> **WHAT IS NEEDED**
Output exactly the lines of the listing below that run from the line with "The Washington Monument and cherry blossoms." through the line with "Load image into". No pictures.

> **EXTRACTED ENTRIES**
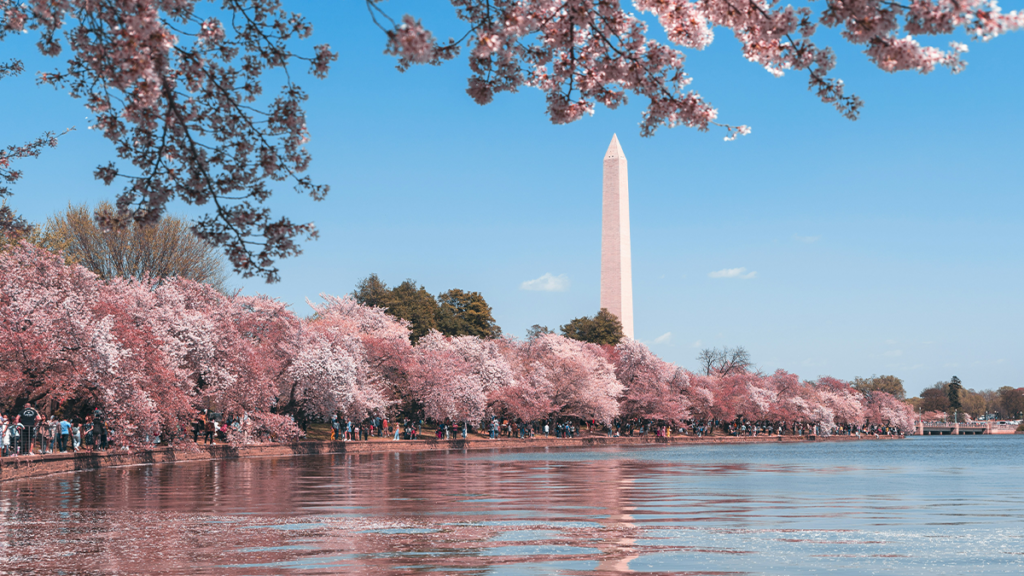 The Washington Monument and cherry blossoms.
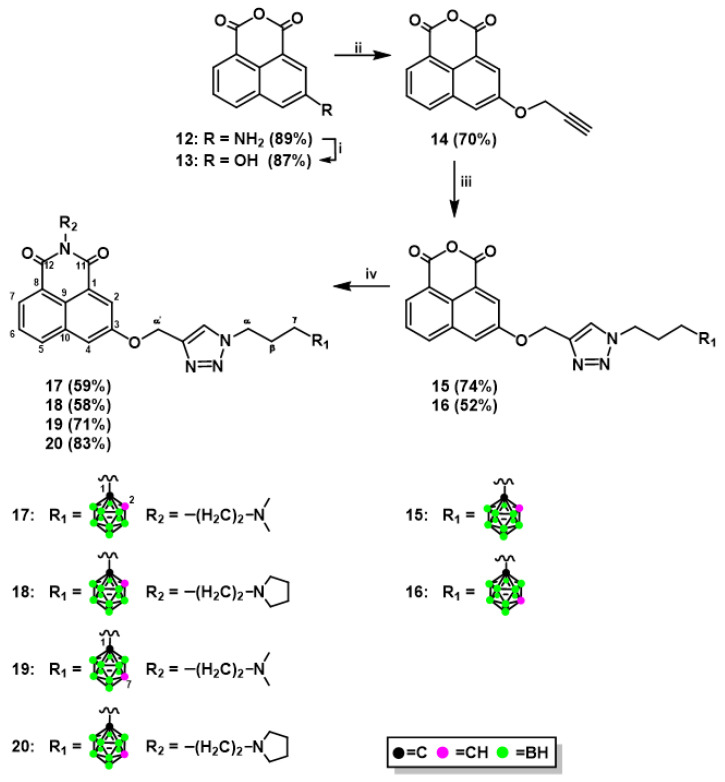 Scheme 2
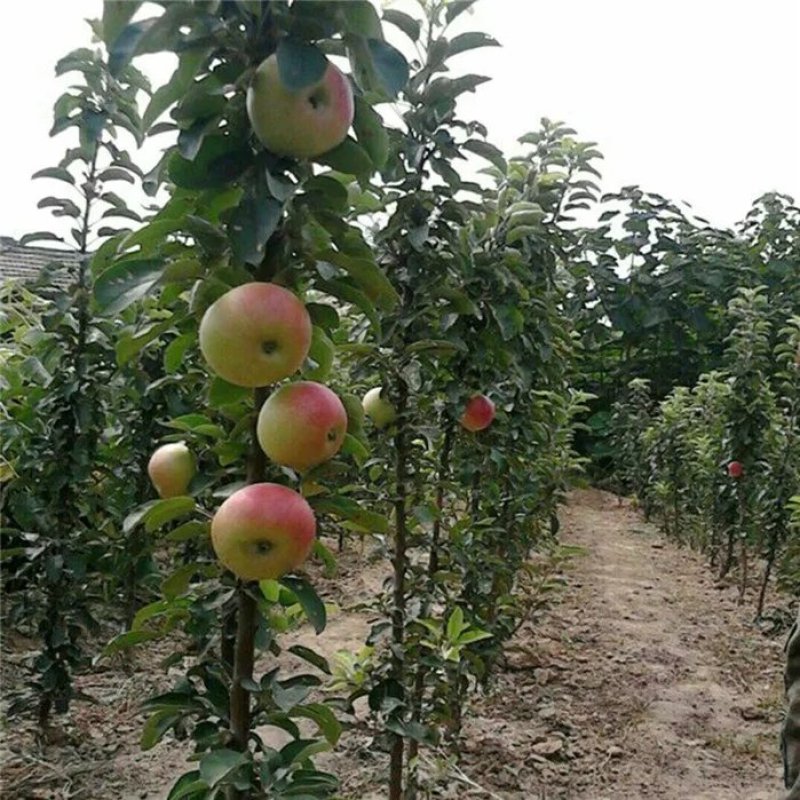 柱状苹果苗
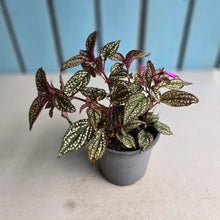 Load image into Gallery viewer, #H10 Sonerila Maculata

---

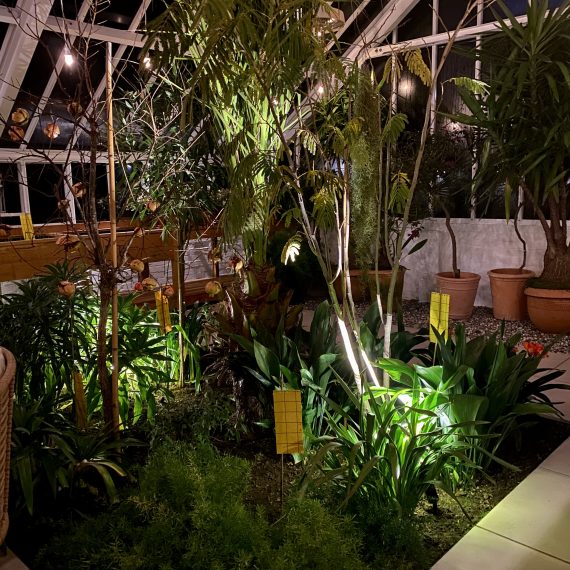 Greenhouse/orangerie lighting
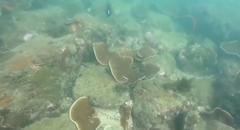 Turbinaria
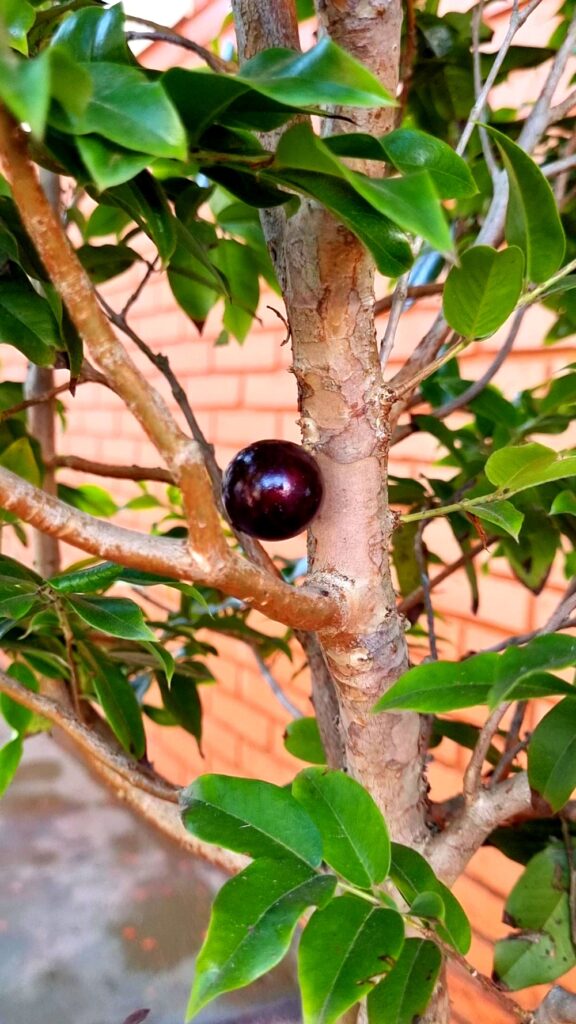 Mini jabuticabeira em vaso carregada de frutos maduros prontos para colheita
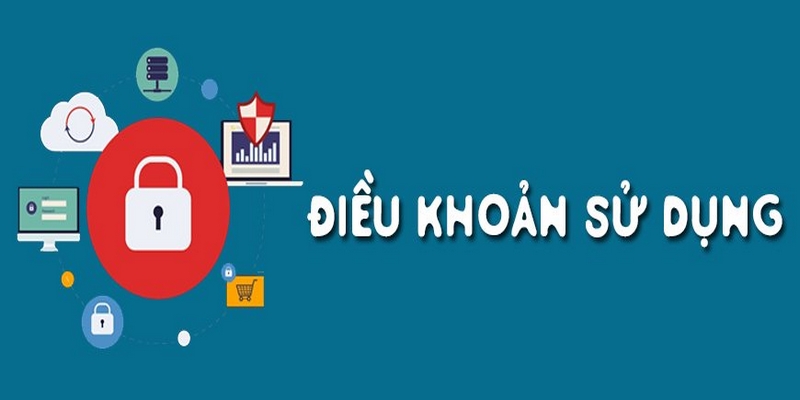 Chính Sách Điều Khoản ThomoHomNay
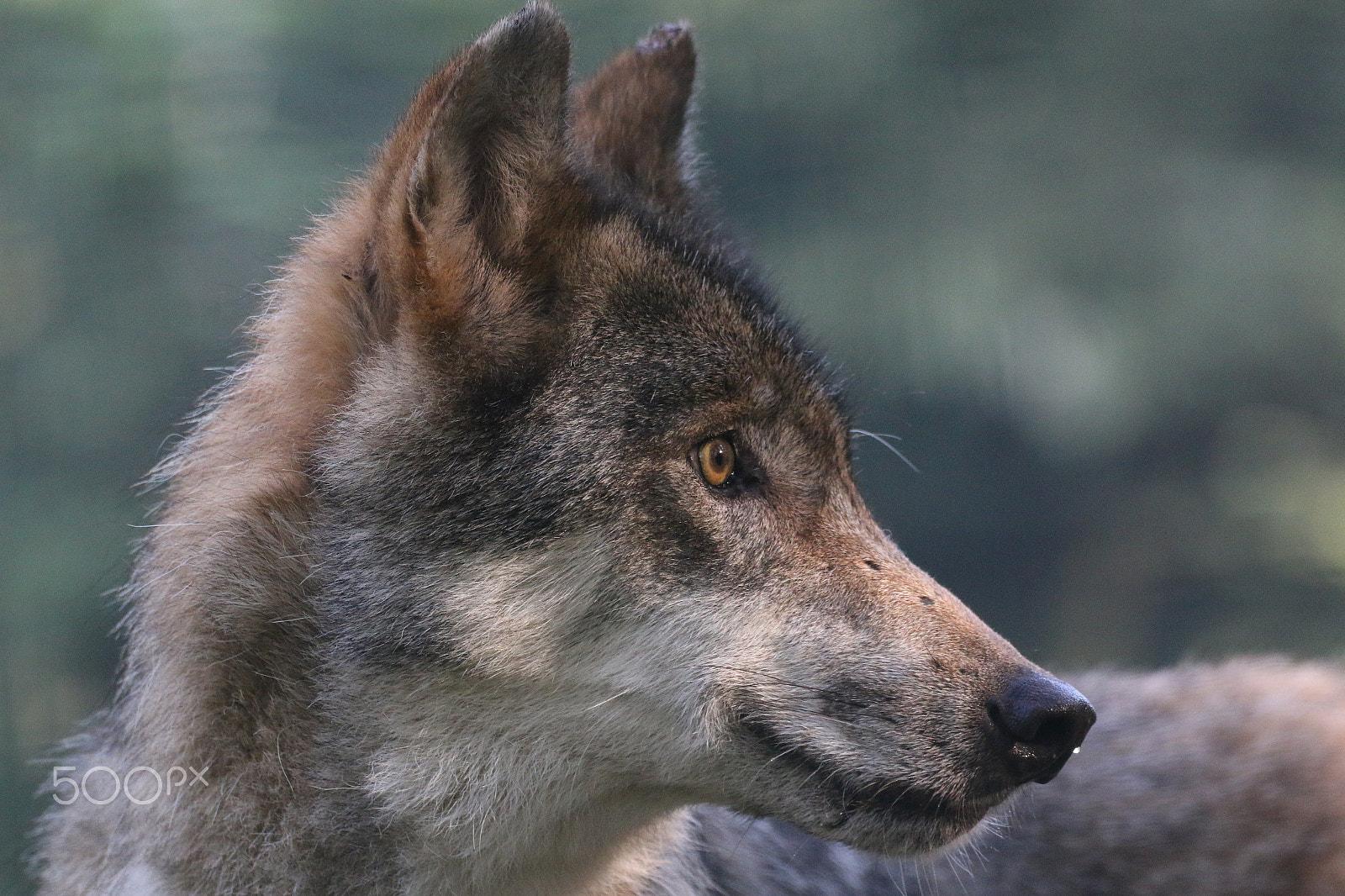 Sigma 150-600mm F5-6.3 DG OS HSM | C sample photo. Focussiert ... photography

> **OUTPUT**
 The Washington Monument and cherry blossoms.
 Scheme 2
 柱状苹果苗
 Load image into Gallery viewer, #H10 Sonerila Maculata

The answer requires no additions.